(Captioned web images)
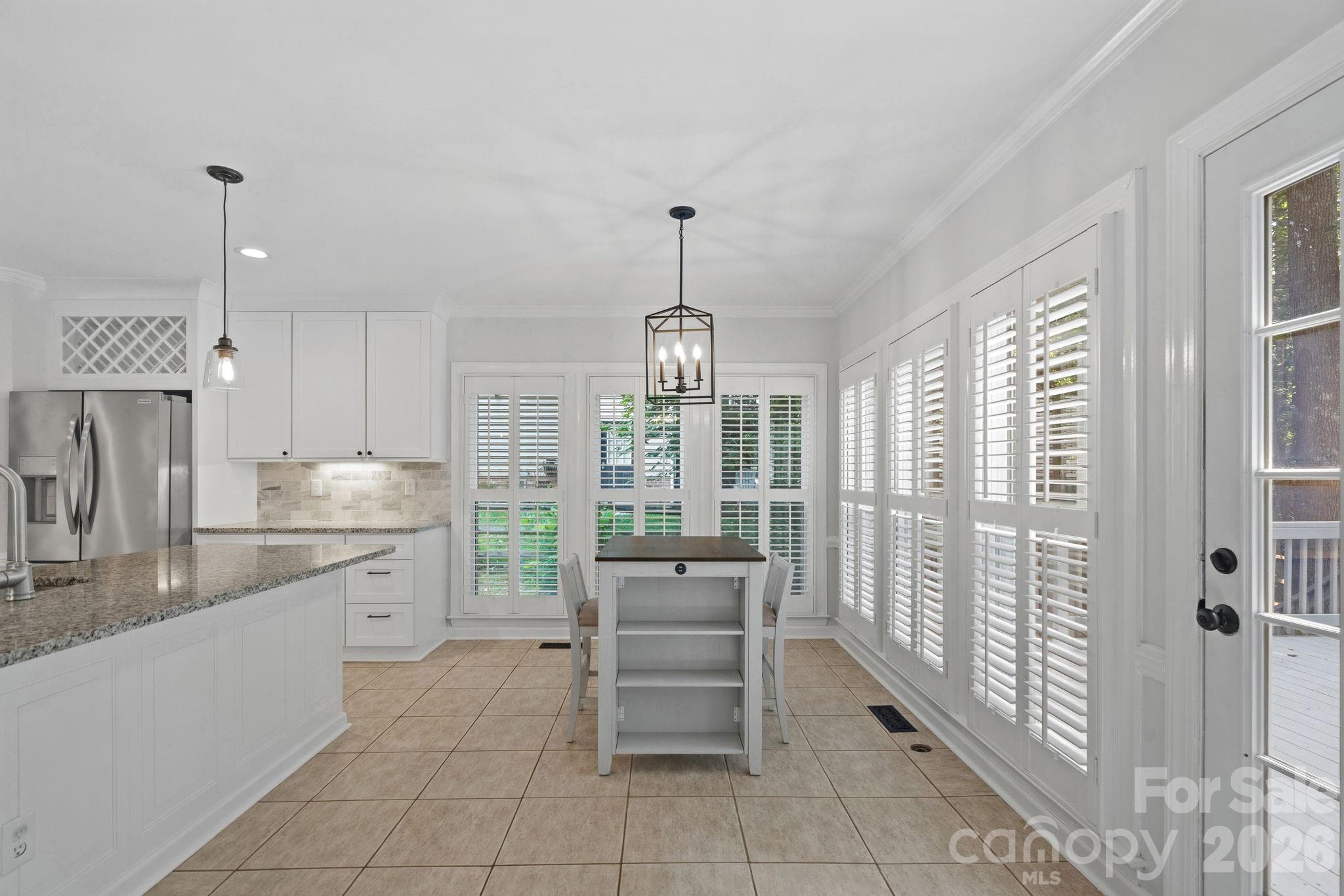 8414 Summerfield Lane Property Photo 17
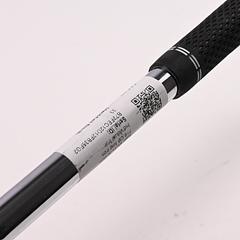 Titleist 716 CB #5 Iron / 27 Degree / Stiff Flex AMT Black Shaft - Image 5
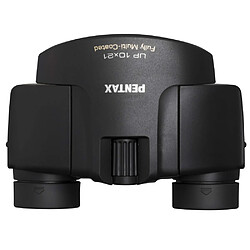 Avis Pentax UP 10x21 - Noir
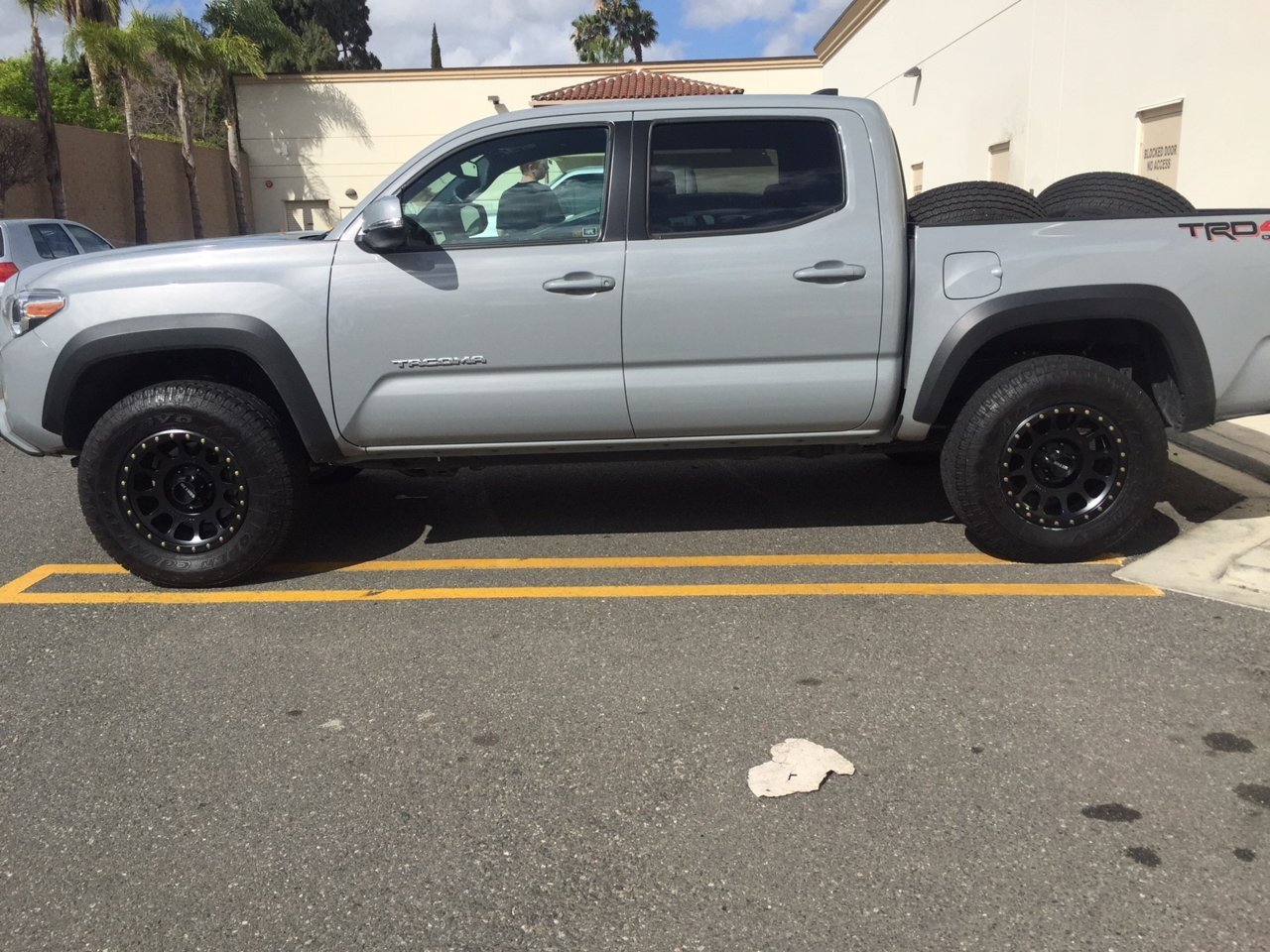 New wheels.jpg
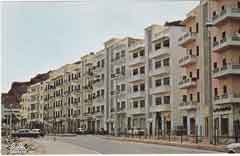 ���� ������ ��� ��� ����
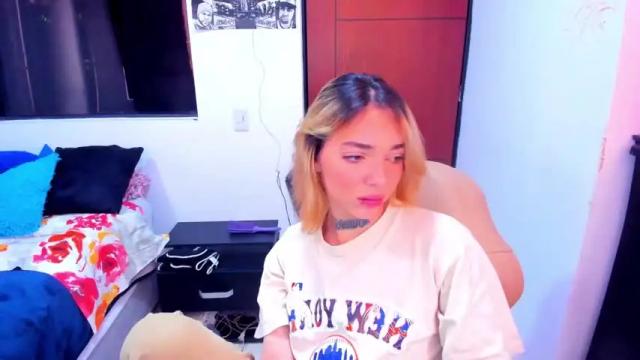 Image 8 of 24dakota24 Stream on Chaturbate on 13 months ago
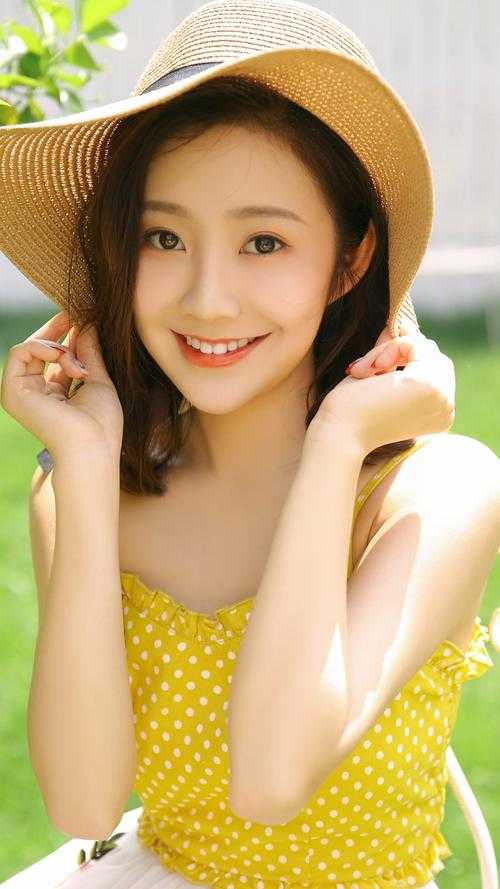总裁老婆的私人休息室：全文+后续+结局(秦若岚林浩轩)全文免费阅读无弹窗大 结局_(总裁老婆的私人休息室：全文+后续+结局免费阅读全文大结局)最新章节列表_笔趣阁(总裁老婆的私人休息室：全文+后续+结局)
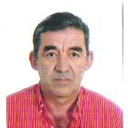 Manuel Jesús Luque Reinoso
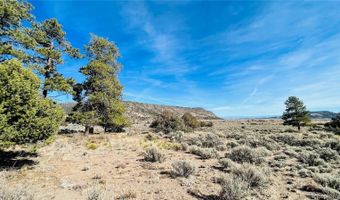 Lot 16 Conejos Trl Blk10, Antonito, CO 81120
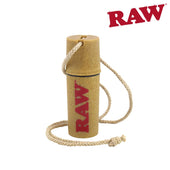 Raw Reserva Air Tight Container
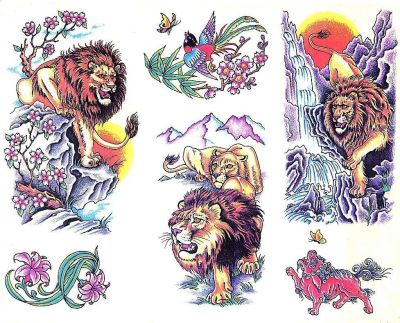 Animal tattoos, Lion tattoos, Tattoos of Animal, Tattoos of Lion, Animal tats, Lion tats, Animal free tattoo designs, Lion free tattoo designs, Animal tattoos picture, Lion tattoos picture, Animal pictures tattoos, Lion pictures tattoos, Animal free tattoos, Lion free tattoos, Animal tattoo, Lion tattoo, Animal tattoos idea, Lion tattoos idea, Animal tattoo ideas, Lion tattoo ideas, lion tat with birds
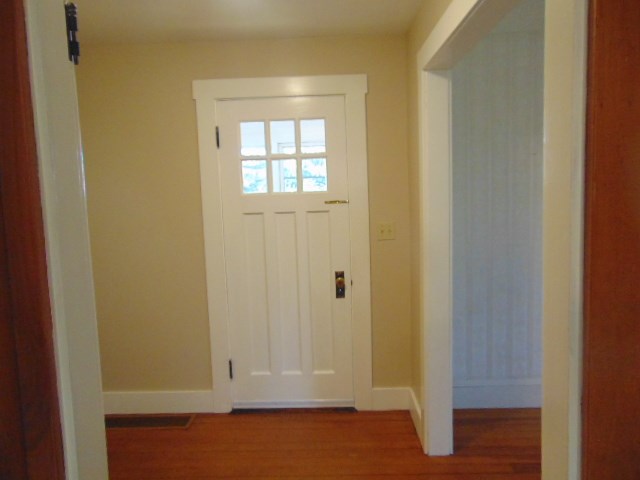 32 River Road Hopkinton, RI 02804 - Photo 15 of 22 Gallery Image 15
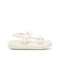 Carwen Flats Sandals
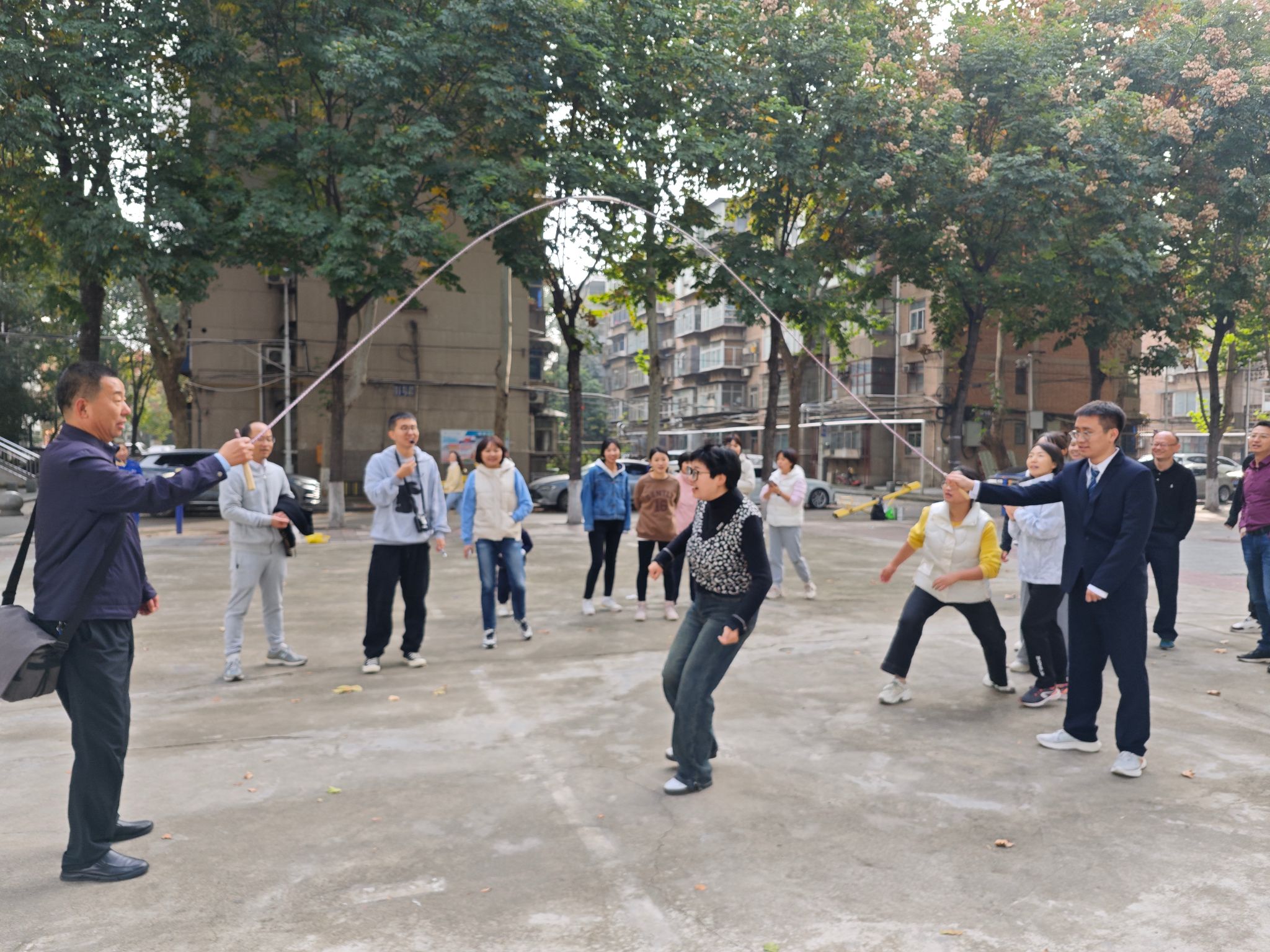 微信图片_20231107095916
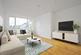 Virtually Staged Lounge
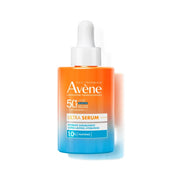 Avene Ultra Sérum SPF50+ 30mL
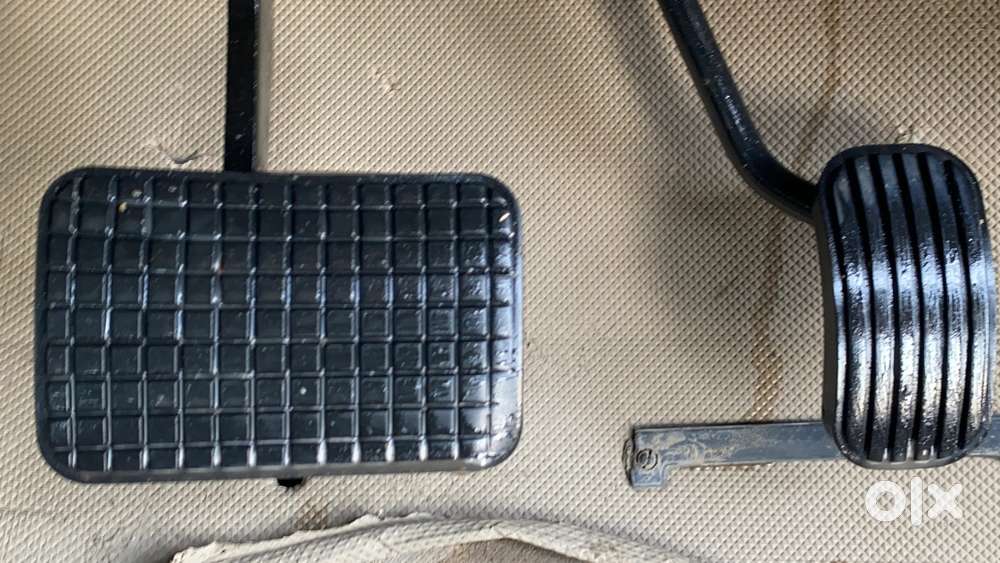 Tata Tiago Nrg Petrol Amt, 2022, Petrol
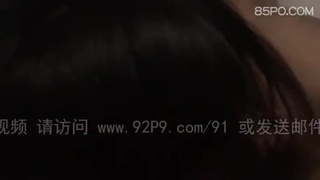 輕吻也飄然,520少婦姊姊 輕吻也飄然,520少婦姊姊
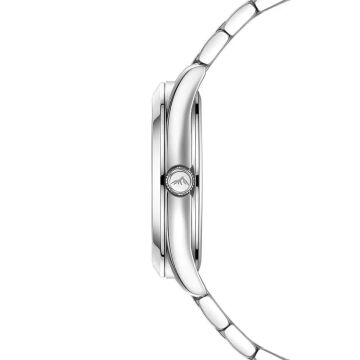 Roche Montre RMG6012-01 Erkek Kol Saati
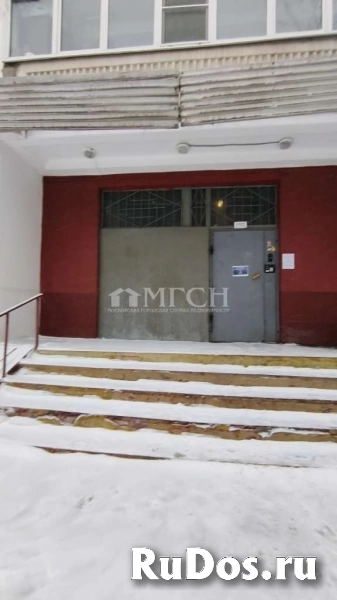 Продам 1 комнатную квартиру 35 м2 изображение 9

**Prompt:** Retype every entry above exactly and, please, skip the pictures.

**Response below:**
 8414 Summerfield Lane Property Photo 17
 Titleist 716 CB #5 Iron / 27 Degree / Stiff Flex AMT Black Shaft - Image 5
 Avis Pentax UP 10x21 - Noir
 New wheels.jpg
 ���� ������ ��� ��� ����
 Image 8 of 24dakota24 Stream on Chaturbate on 13 months ago
总裁老婆的私人休息室：全文+后续+结局(秦若岚林浩轩)全文免费阅读无弹窗大 结局_(总裁老婆的私人休息室：全文+后续+结局免费阅读全文大结局)最新章节列表_笔趣阁(总裁老婆的私人休息室：全文+后续+结局)
 Manuel Jesús Luque Reinoso
 Lot 16 Conejos Trl Blk10, Antonito, CO 81120
 Raw Reserva Air Tight Container
 Animal tattoos, Lion tattoos, Tattoos of Animal, Tattoos of Lion, Animal tats, Lion tats, Animal free tattoo designs, Lion free tattoo designs, Animal tattoos picture, Lion tattoos picture, Animal pictures tattoos, Lion pictures tattoos, Animal free tattoos, Lion free tattoos, Animal tattoo, Lion tattoo, Animal tattoos idea, Lion tattoos idea, Animal tattoo ideas, Lion tattoo ideas, lion tat with birds
 32 River Road Hopkinton, RI 02804 - Photo 15 of 22 Gallery Image 15
 Carwen Flats Sandals
 微信图片_20231107095916
 Virtually Staged Lounge
 Avene Ultra Sérum SPF50+ 30mL
 Tata Tiago Nrg Petrol Amt, 2022, Petrol
 輕吻也飄然,520少婦姊姊 輕吻也飄然,520少婦姊姊
 Roche Montre RMG6012-01 Erkek Kol Saati
 Продам 1 комнатную квартиру 35 м2 изображение 9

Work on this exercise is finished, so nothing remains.